Talk:String Byte Length

From Rosetta Code

The C and C++ examples of finding the length of a string of wide characters (wchar_t) were just plain wrong, so I deleted them. Regardless of string length, the examples would always show 16 because it was computing against the length of a pointer to a wchar_t, rather than the length of the string. --139.85.252.186 17:00, 23 April 2007 (EDT)

I've undone the delete of the C++ example. While you were right about the C example (except it will show the product of a pointer size and a wchar_t size, which is not necessarily 16, but depends on the CPU and OS), the C++ example does not even contain a pointer (except hidden somewhere in the internals of C++), and std::wstring::length() returns the number of characters, not the size of a pointer (which would be quite pointless anyway). --Ce 17:40, 23 April 2007 (EDT)

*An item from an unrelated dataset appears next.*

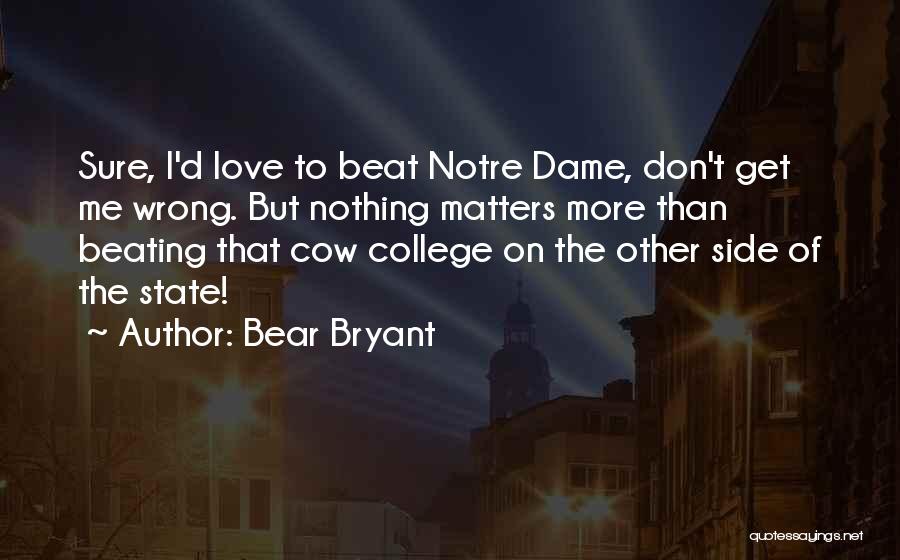 Bear Bryant Quotes: Sure, I'd Love To Beat Notre Dame, Don't Get Me Wrong. But Nothing Matters More Than Beating That Cow College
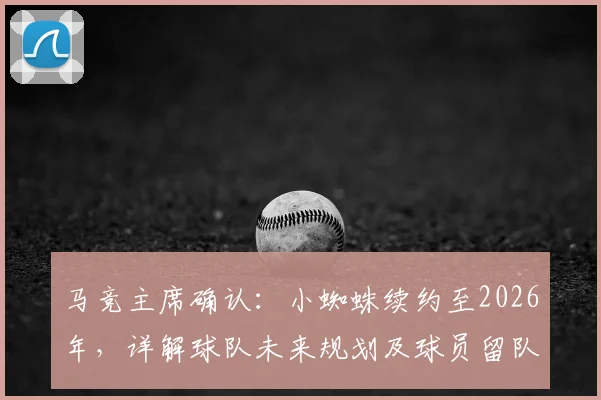 马竞主席确认：小蜘蛛续约至2026年，详解球队未来规划及球员留队前景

The task should clarify what "byte length" mean. For C, with its traditional representation of strings and notion of mulitbyte encodings byte length makes perfect sense. But for other string representations that is not clear: do we mean amount of storage taken by string? However, C string length is smaller than storage use (because of null terminator) and other languages frequently add extra data to strings: tags, count giving current length, count giving capacity. Also, there is separate task devoted to size of variables, so I would prefer avoid question of storage size here.

One can talk about "payload size": storage ocupated by characters itself, ommiting control information. But if language uses sophisticated reprezentation of string it may be quite difficult to separate payload form control information.

IMHO the most sensible formulation (and having most practical applications!) is to determine byte length of the printed representation of the string in some external byte-oriented encoding (say UTF-8). If one uses such interpretation then many of current solutions will be incorrect.